_Working data_
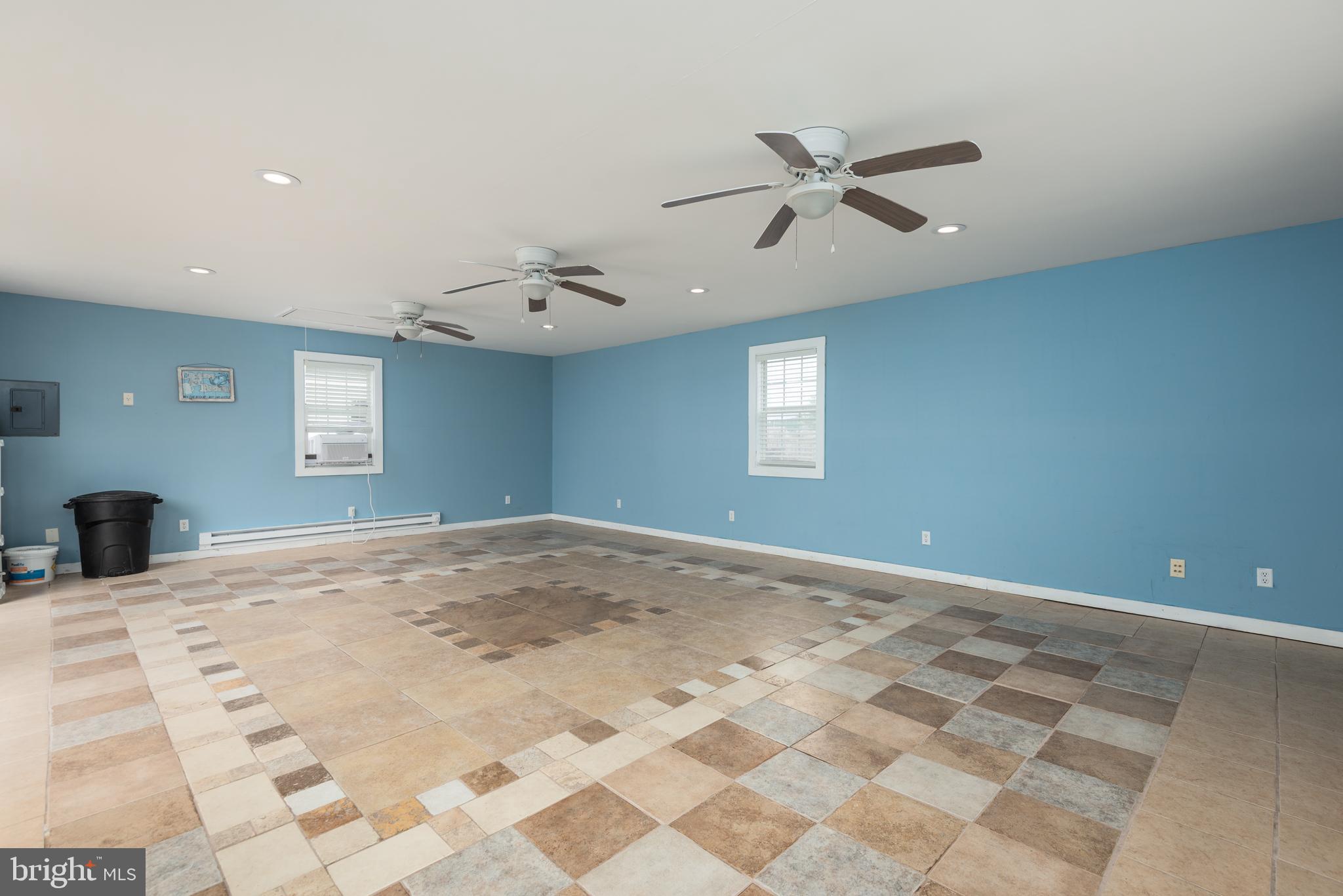 4904 Ravenwood Road Vienna, MD 21869 - Photo 14 of 62 a view of a livingroom with a window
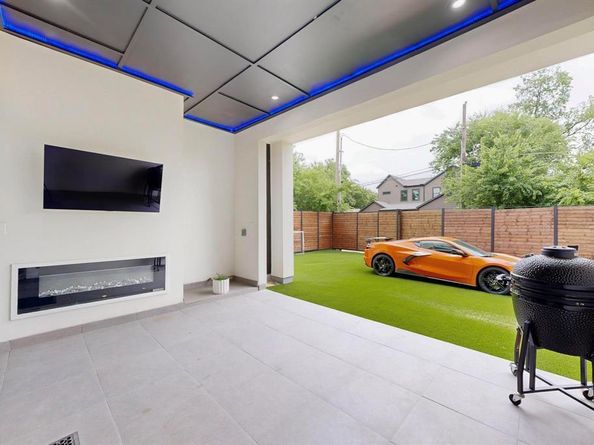 3828  Eaton Drive , Dallas Texas 75220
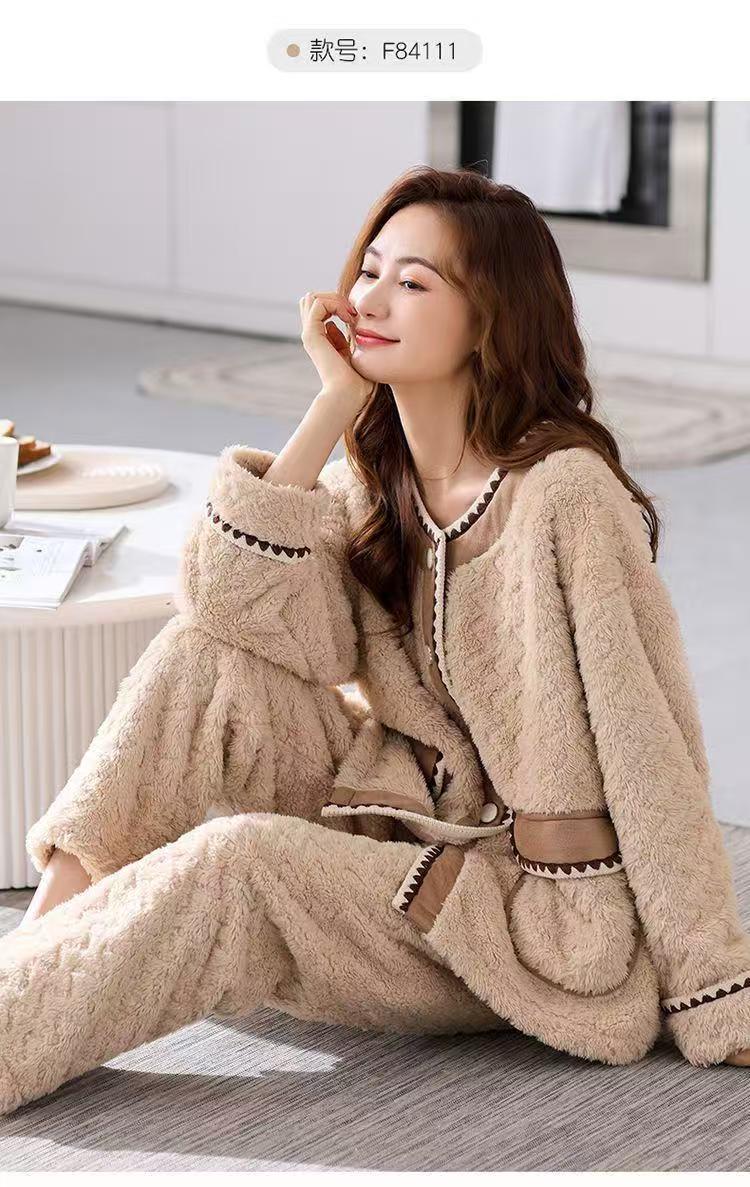 新款睡衣女冬款贵妃绒家居服保暖加厚大码加绒两件套可外穿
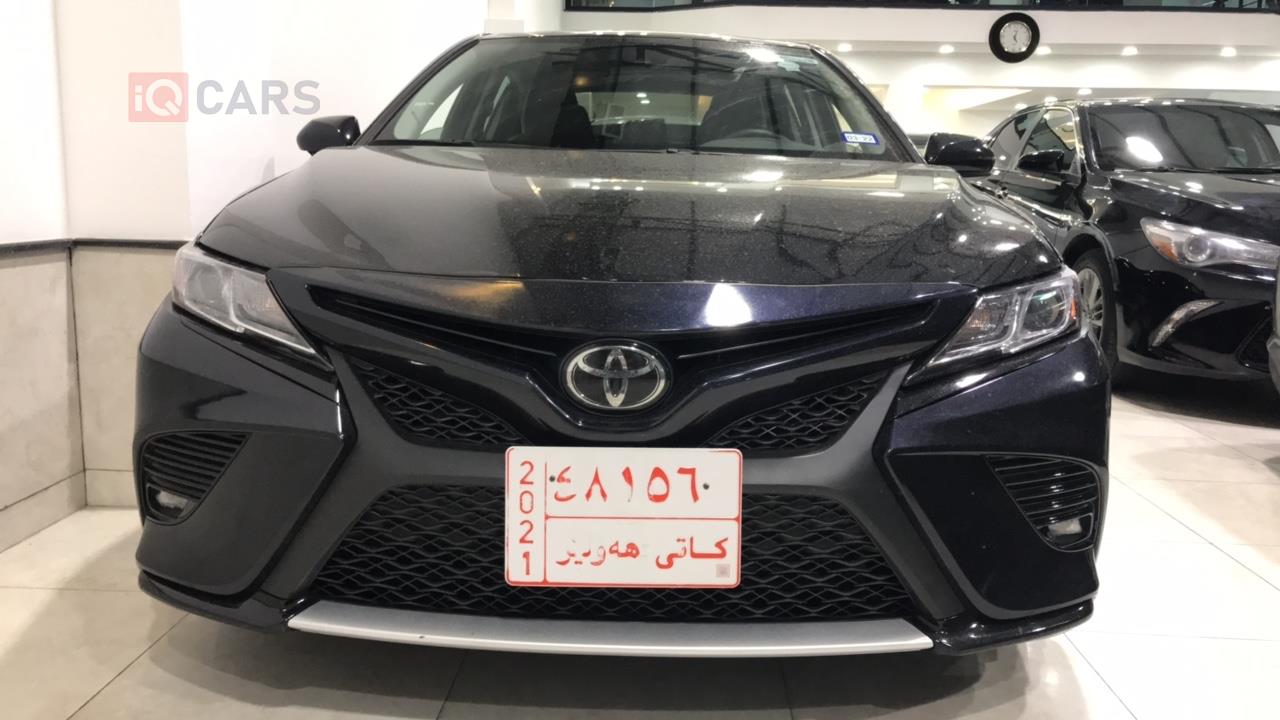 تۆیۆتا کامری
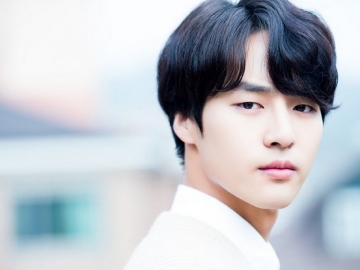 Hadiri Konferensi Pres 'My Country', Penampilan Rambut Gondrong Yang Se Jong Bikin Fans Heboh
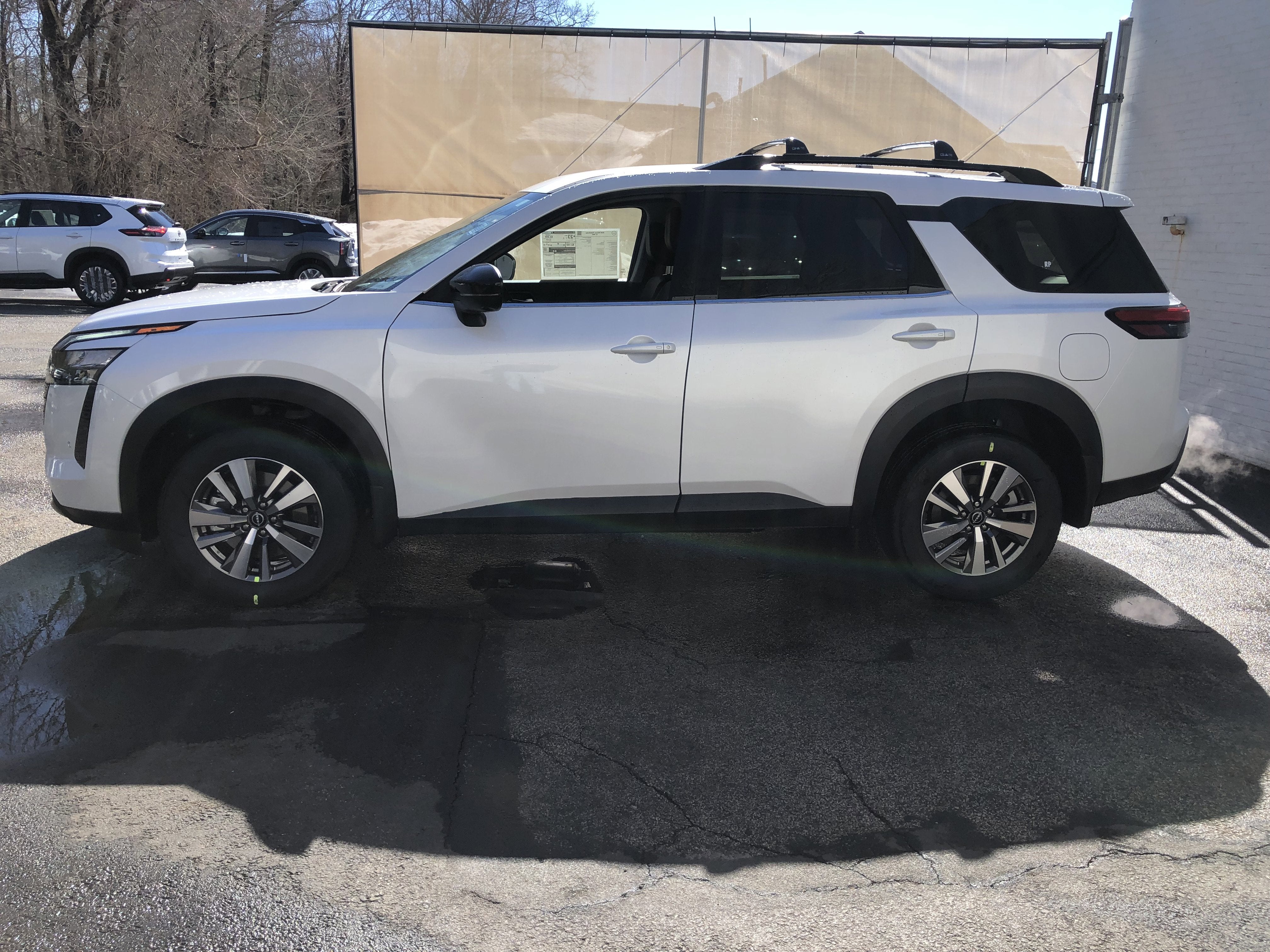 2026 Nissan Pathfinder SL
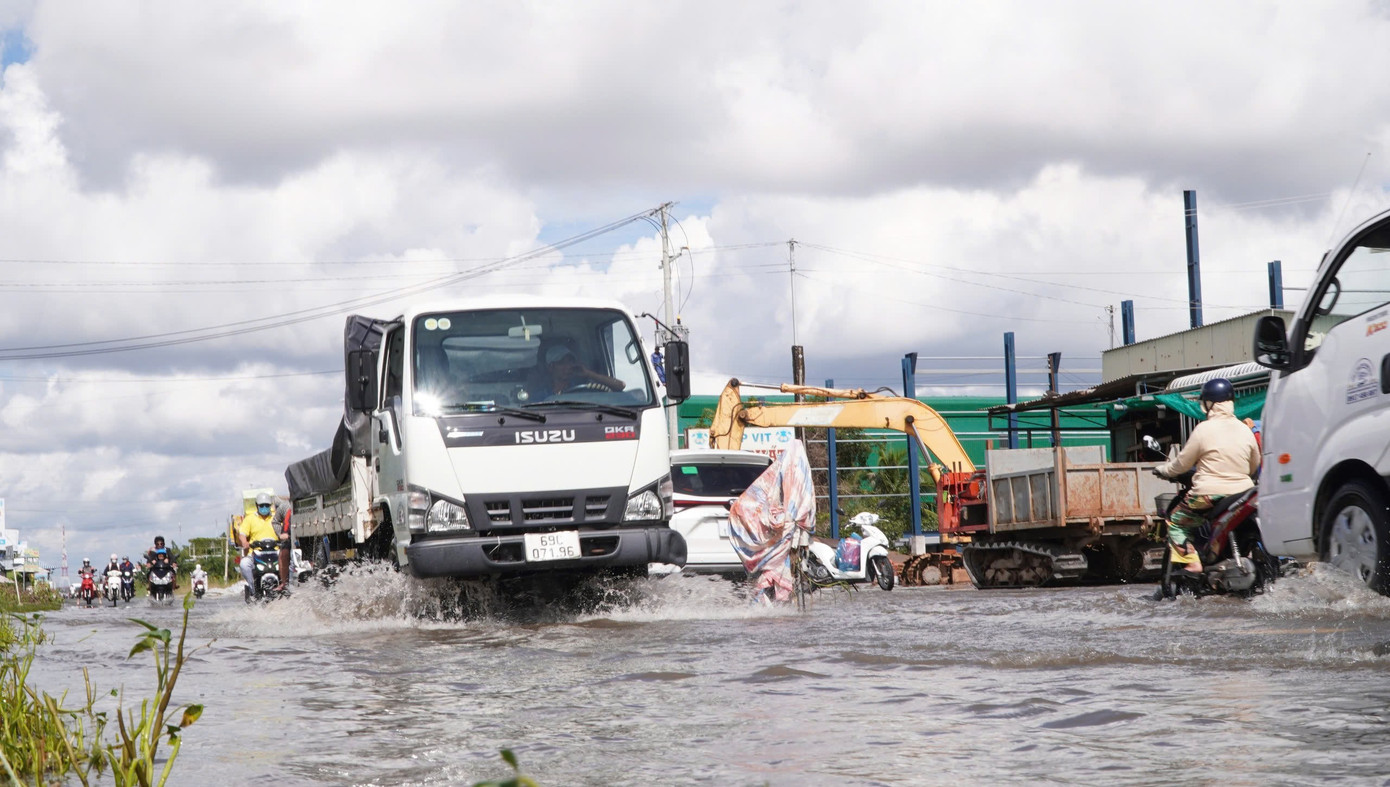 Quốc lộ 1 qua Cà Mau hư hỏng, nhiều ổ gà - Ảnh 6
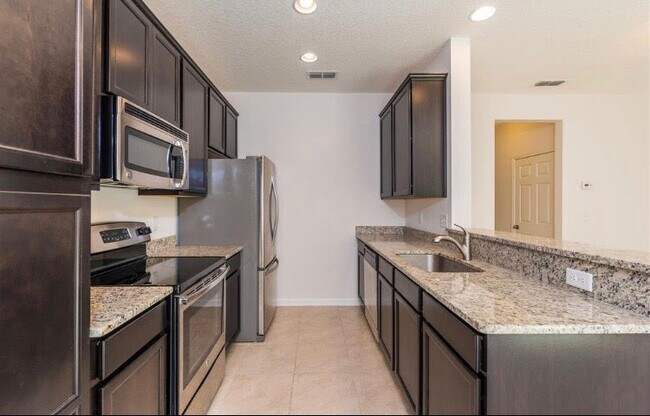 Building Photo - 126 Moultrie Village Ln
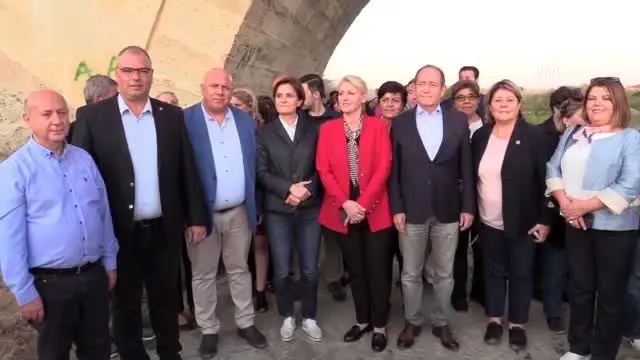 Tarihi Uzun Köprü'de kortej yürüyüşü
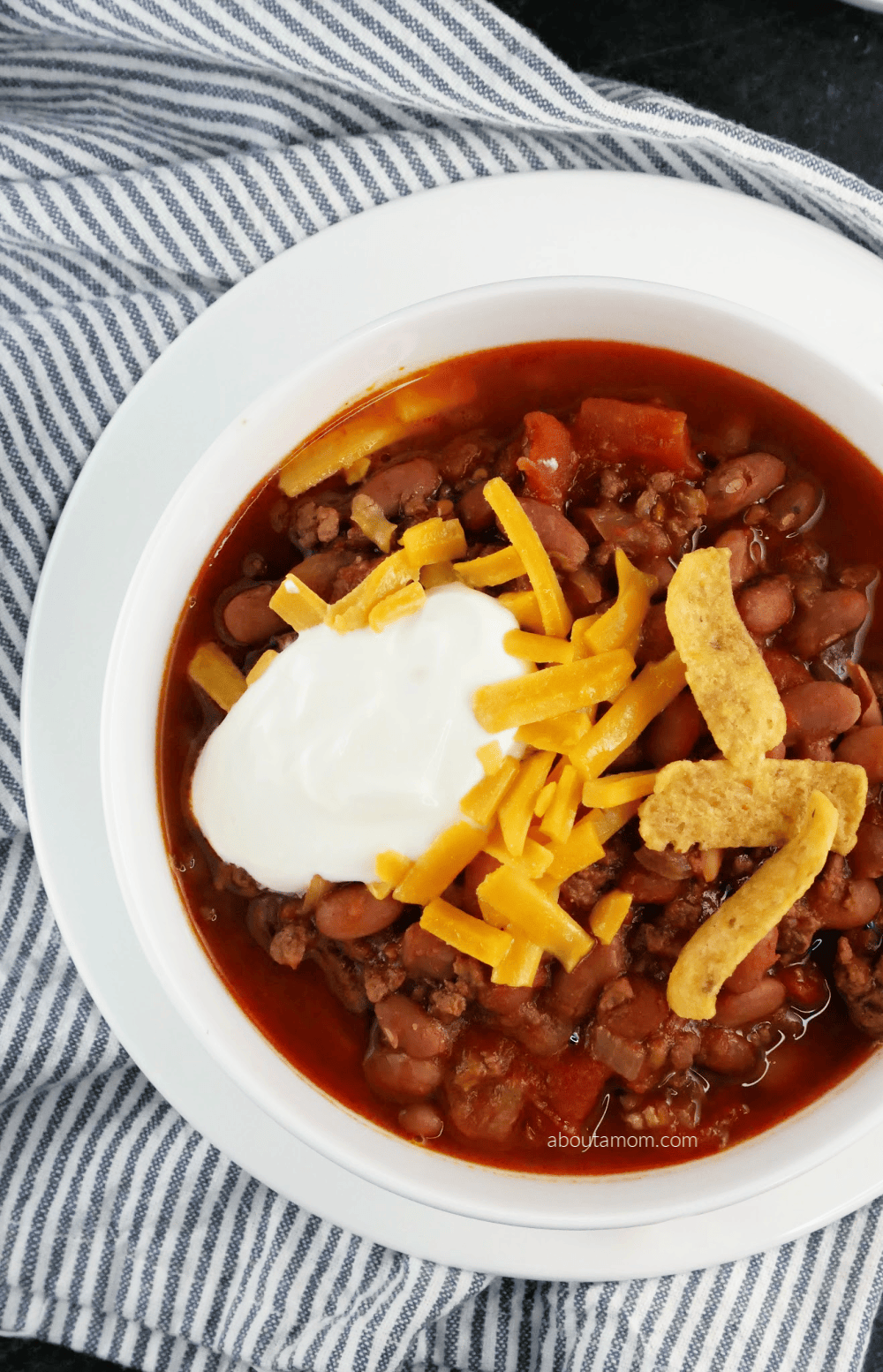 Cowboys love their chili, but you don't have to be a cowboy to appreciate this hearty slow cooker cowboy chili recipe. Made using Hurst BBQ Style Cowboy Beans with seasoning packet, ground beef, diced green chiles and a few other ingredients, this slow cooker chili recipe couldn't be any simpler. 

_How to complete this task_
For this exercise, retype the data above exactly and skip every image.

_Written answer_
 4904 Ravenwood Road Vienna, MD 21869 - Photo 14 of 62 a view of a livingroom with a window
 3828  Eaton Drive , Dallas Texas 75220
 新款睡衣女冬款贵妃绒家居服保暖加厚大码加绒两件套可外穿
 تۆیۆتا کامری
 Hadiri Konferensi Pres 'My Country', Penampilan Rambut Gondrong Yang Se Jong Bikin Fans Heboh
 2026 Nissan Pathfinder SL
 Quốc lộ 1 qua Cà Mau hư hỏng, nhiều ổ gà - Ảnh 6
 Building Photo - 126 Moultrie Village Ln
 Tarihi Uzun Köprü'de kortej yürüyüşü
 Cowboys love their chili, but you don't have to be a cowboy to appreciate this hearty slow cooker cowboy chili recipe. Made using Hurst BBQ Style Cowboy Beans with seasoning packet, ground beef, diced green chiles and a few other ingredients, this slow cooker chili recipe couldn't be any simpler. 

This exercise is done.